Но Лёха справился и со спуском — не идеально, но главное без ошибок. Это был его маленький бой. Ну а после вождения нас согнали на лекцию по боеприпасам и взрывчатым веществам. Майор Третьяков — сухой человек с жёстким взглядом и шрамом на щеке рассказывал нам о новых типах снарядов. Его голос был твёрд и резок, как затвор автомата.
— Запомните, если ошибся с боеприпасом, то второго шанса не будет ни у вас, ни у ваших подчинённых…
Мы слушали внимательно. Теперь каждая минута учёбы пахла не только потом и соляркой, но и будущей ответственностью.

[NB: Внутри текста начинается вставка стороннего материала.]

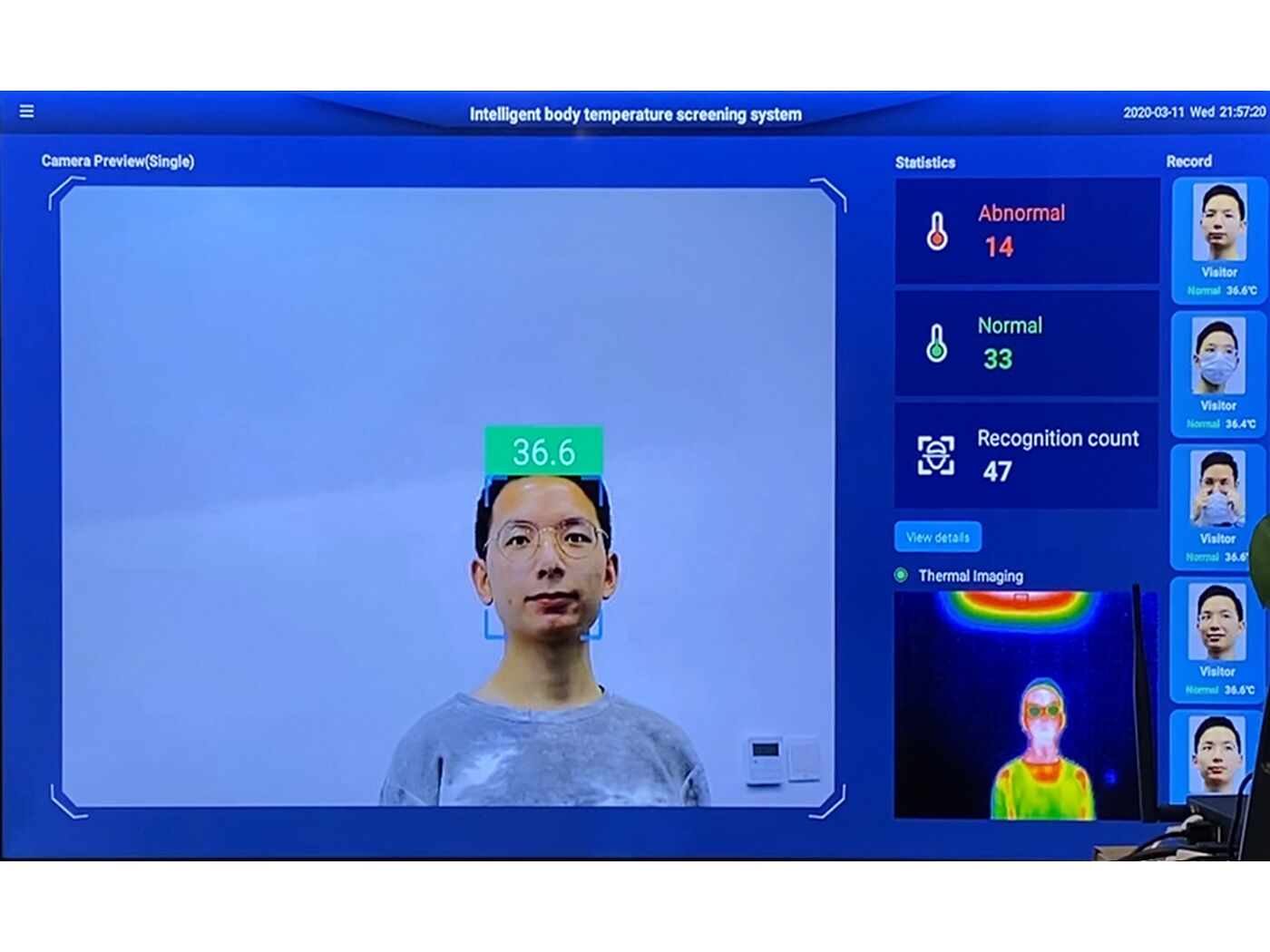Remote AI Temperature Screening System - Image 5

— Товарищи курсанты, — майор Третьяков чеканил слова, словно отдавал приказы на плацу, — кумулятивный снаряд БК-14М устроен иначе, чем обычный осколочно-фугасный. Смотрите сюда! — он ударил указкой по схеме на доске. — Воронка из меди формирует узкий поток взрывных газов. Такой заряд прожигает броню до четырёхсот миллиметров толщиной.
Лёха сидел рядом, лихорадочно выводил каракули в тетради и косился на меня — явно тонул в технических подробностях. И я тихо придвинул к нему свою схему. Кружок, стрелка, подпись — всё просто.
— Смотри, — прошептал я, — тут не во все стороны бахает, а прямо в одну точку. Как будто не кулаком бьёшь, а шилом колешь.
В глазах Лёхи мелькнул проблеск понимания.
— А нам-то это зачем? — шепнул он. — Мы же артиллеристы, не танкисты.
— Потому что мы должны знать, что наши снаряды делают с целью, — ответил я. — Как иначе выбирать боеприпас под задачу?
— Семёнов! — майор резко обернулся. — Раз у вас такой живой интерес, объясните нам принцип действия подкалиберного снаряда!
— Товарищ майор! — я поднялся из-за парты. — Подкалиберный снаряд — это болванка с сердечником из вольфрама или обеднённого урана. Он плотнее стали и летит быстрее обычного снаряда. Броню пробивает не взрывом, а чисто кинетикой — скоростью и массой.